The mismatches are inside and out. Cleveland has nobody to stop Spurs power forward Tim Duncan or point guard Tim Parker. Truth is, the only Cavalier with the size, strength and quickness to harness Duncan is LeBron James, but Cavs coach Mike Brown would be insane to wear out his one-man offense on defense. LeBron will get a cake assignment like Bruce Bowen, freeing him to score as many points as possible when Cleveland has the ball.

But LeBron won't be able to score enough points. Not with the Spurs able to get 25 any given night from Duncan, Parker and shooting guard Manu Ginobili. Who on the Cleveland roster is going to stay in front of Parker? Sore-footed Larry Hughes? The rookie, Gibson? Ancient Eric Snow? That's not happening. Nor does Cleveland have anyone to stop Ginobili, come to think of it.
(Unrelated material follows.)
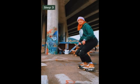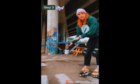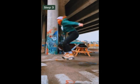Step three: we're gonna jump straight up. To practice your jump, you're gonna lift your knees straight up. A tip that helps me is to pick a spot on the ground and jump when I reach it. Make sure when you're landing you're squatting down and bending your knees to absorb the impact.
This is where you remind me that Cleveland's perimeter defense can't be that bad, considering it stopped Detroit's Chauncey Billups and Richard Hamilton. So, naturally, this is where I remind you that A) Billups and Hamilton missed open shot after open shot and B) Parker is quicker than Billups. Parker will spend so much time in the lane, Cleveland's best hope might be that he draws a bevy of three-second violations.
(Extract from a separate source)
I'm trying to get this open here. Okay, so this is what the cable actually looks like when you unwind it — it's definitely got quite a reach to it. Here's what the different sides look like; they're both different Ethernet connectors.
San Antonio will run off Cleveland in four games, five tops. I have no illusions otherwise, and unless you want to be disappointed, you'd be wise to join me in my pessimism. The Pistons? They weren't going to get the better of the Spurs over the course of seven games, but once or twice or maybe even three times? It could have happened.

The Pistons could have bothered Duncan with a rotation of long, shot-blocking Rasheed Wallace, strong-and-quick Antonio McDyess and savvy veteran Chris Webber. Duncan still would have put up his MVP-type numbers, but he would have had to work a lot harder than he will against Cleveland's immobile Zydrunas Ilgauskas, ineffective Drew Gooden and spastic Anderson Varejao.

Likewise, the Pistons could have slowed Parker with Billups' muscles and Lindsey Hunter's old-school tricks. Detroit wouldn't have stopped Parker, I'm not saying that. But I'm saying -- I'm knowing -- Detroit has a roster that at least looks capable of slowing down the fastest player in the game.

Cleveland? Cleveland has the best player in the world, but LeBron James can't beat the Spurs by himself.

Although it'll be fun to watch him try.

Obstructed_View
06-03-2007, 07:59 PM
I bet Lebron will beat the Spurs by himself once during the series.

florige
06-03-2007, 08:17 PM
CBS always seems to pick the Spurs. And they are normally right on. But I think too that Lebron will get one game by himself. But the key word is lets just keep it at ONE. Better if none though!

Clutch20
06-03-2007, 10:03 PM
The Cleveland Caveliers are a team of one.
The San Antonio Spurs play "as one."

Obstructed_View
06-03-2007, 10:17 PM
The Cleveland Cavs, brought to you by the US Army...

http://www.usarc.army.mil/chaplain/graphics/goarmypatch.jpg

Lp26
06-03-2007, 10:22 PM
Spurs in 2.

BeerIsGood!
06-04-2007, 01:54 AM
The key for the Spurs is to not let the role players beat you. IMO, if the talent rich Suns with the best passer in the league, one of the best finishers at the rim, one of the fastest players in the league with finishing ability, one of the better TD defenders, one of the better Manu defenders, and capable 3 point shooters couldn't take this team down - The one man offense of LBJ won't be able to either. The Cleveland D may be slightly better than the Suns, but i'm not so sure. I just think they play at a slower pace.